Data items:
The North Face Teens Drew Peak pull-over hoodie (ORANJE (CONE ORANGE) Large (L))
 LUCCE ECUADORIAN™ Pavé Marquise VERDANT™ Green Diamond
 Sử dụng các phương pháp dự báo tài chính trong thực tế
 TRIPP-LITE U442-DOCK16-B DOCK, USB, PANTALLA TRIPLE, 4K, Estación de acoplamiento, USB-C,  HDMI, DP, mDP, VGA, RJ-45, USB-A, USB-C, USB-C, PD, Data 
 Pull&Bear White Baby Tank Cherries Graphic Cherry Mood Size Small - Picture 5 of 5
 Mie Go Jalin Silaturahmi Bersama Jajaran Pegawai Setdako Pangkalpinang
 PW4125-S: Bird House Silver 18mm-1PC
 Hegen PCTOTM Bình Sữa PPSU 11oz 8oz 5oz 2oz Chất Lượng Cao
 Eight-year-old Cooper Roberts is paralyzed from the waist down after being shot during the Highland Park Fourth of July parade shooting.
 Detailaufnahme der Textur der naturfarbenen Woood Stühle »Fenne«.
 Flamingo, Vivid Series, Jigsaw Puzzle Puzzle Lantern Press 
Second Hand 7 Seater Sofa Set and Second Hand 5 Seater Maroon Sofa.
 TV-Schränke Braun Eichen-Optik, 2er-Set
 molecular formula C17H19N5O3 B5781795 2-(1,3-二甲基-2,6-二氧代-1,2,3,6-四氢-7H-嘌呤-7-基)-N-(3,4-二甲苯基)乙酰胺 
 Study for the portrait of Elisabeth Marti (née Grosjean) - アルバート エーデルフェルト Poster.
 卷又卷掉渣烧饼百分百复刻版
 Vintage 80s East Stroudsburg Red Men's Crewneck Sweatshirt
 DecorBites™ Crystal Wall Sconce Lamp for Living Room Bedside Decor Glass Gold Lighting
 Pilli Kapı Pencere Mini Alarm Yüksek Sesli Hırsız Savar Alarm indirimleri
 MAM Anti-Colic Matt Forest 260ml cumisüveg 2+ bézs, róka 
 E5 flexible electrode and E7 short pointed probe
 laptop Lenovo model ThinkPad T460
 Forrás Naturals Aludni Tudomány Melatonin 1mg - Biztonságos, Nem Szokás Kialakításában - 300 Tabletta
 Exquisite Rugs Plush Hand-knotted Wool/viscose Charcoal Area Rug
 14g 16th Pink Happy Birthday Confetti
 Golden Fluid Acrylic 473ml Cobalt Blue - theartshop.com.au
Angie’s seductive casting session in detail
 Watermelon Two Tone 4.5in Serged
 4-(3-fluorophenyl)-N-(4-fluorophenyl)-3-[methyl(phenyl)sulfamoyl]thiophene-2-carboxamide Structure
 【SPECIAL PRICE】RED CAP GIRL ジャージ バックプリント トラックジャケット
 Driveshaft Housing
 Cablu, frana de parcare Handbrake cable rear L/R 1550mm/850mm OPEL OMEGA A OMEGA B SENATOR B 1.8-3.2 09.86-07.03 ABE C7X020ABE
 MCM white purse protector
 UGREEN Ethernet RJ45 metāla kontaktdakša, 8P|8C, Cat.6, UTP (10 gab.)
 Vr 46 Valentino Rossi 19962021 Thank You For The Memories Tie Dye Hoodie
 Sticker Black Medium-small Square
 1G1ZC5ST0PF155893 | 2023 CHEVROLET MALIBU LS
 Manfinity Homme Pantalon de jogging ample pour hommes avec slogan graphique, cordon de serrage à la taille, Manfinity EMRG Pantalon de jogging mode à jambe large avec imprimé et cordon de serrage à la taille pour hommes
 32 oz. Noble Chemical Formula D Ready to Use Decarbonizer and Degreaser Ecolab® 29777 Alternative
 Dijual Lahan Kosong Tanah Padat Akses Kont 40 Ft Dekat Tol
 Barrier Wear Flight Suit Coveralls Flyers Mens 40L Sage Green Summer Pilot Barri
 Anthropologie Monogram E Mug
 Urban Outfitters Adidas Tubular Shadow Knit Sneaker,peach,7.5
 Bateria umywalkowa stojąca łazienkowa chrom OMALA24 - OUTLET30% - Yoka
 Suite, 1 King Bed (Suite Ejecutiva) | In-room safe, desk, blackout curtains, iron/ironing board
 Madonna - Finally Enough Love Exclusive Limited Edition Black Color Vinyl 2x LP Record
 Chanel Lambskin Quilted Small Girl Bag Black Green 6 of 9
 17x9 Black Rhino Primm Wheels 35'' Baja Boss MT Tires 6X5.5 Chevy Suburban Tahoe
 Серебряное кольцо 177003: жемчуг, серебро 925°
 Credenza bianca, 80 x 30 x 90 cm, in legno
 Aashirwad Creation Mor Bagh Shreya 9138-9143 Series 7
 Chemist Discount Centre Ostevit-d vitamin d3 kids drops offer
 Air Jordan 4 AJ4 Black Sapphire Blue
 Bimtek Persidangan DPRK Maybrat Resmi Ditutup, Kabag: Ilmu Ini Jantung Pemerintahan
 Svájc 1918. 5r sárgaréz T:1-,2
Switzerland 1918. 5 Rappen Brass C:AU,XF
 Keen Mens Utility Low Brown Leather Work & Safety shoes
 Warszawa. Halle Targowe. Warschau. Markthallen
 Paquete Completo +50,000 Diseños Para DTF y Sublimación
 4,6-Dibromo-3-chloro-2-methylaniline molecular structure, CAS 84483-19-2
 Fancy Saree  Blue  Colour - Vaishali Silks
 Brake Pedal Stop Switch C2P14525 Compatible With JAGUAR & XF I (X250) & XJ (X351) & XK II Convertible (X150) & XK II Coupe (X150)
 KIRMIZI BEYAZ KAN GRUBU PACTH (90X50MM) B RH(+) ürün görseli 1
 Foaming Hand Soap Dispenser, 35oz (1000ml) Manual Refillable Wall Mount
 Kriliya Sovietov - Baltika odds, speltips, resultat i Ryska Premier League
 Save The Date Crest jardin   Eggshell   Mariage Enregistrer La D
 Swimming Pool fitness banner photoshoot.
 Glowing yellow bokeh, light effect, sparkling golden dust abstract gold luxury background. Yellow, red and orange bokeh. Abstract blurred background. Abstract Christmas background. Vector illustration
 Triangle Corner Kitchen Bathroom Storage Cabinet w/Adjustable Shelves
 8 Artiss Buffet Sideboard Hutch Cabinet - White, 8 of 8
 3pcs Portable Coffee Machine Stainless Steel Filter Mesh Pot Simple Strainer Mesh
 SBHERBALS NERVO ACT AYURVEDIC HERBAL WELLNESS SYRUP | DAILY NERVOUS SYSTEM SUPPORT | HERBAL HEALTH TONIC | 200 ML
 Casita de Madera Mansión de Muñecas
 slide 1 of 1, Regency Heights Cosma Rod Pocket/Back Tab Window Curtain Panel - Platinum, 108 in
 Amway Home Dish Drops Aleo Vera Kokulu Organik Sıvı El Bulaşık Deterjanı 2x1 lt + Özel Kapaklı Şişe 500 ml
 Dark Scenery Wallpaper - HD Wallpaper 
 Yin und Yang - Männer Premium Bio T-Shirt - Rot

Task item: Return word for word the line with "KIRMIZI BEYAZ KAN" and every line after it through the end of the records above.

Response to this task:
 KIRMIZI BEYAZ KAN GRUBU PACTH (90X50MM) B RH(+) ürün görseli 1
 Foaming Hand Soap Dispenser, 35oz (1000ml) Manual Refillable Wall Mount
 Kriliya Sovietov - Baltika odds, speltips, resultat i Ryska Premier League
 Save The Date Crest jardin   Eggshell   Mariage Enregistrer La D
 Swimming Pool fitness banner photoshoot.
 Glowing yellow bokeh, light effect, sparkling golden dust abstract gold luxury background. Yellow, red and orange bokeh. Abstract blurred background. Abstract Christmas background. Vector illustration
 Triangle Corner Kitchen Bathroom Storage Cabinet w/Adjustable Shelves
 8 Artiss Buffet Sideboard Hutch Cabinet - White, 8 of 8
 3pcs Portable Coffee Machine Stainless Steel Filter Mesh Pot Simple Strainer Mesh
 SBHERBALS NERVO ACT AYURVEDIC HERBAL WELLNESS SYRUP | DAILY NERVOUS SYSTEM SUPPORT | HERBAL HEALTH TONIC | 200 ML
 Casita de Madera Mansión de Muñecas
 slide 1 of 1, Regency Heights Cosma Rod Pocket/Back Tab Window Curtain Panel - Platinum, 108 in
 Amway Home Dish Drops Aleo Vera Kokulu Organik Sıvı El Bulaşık Deterjanı 2x1 lt + Özel Kapaklı Şişe 500 ml
 Dark Scenery Wallpaper - HD Wallpaper 
 Yin und Yang - Männer Premium Bio T-Shirt - Rot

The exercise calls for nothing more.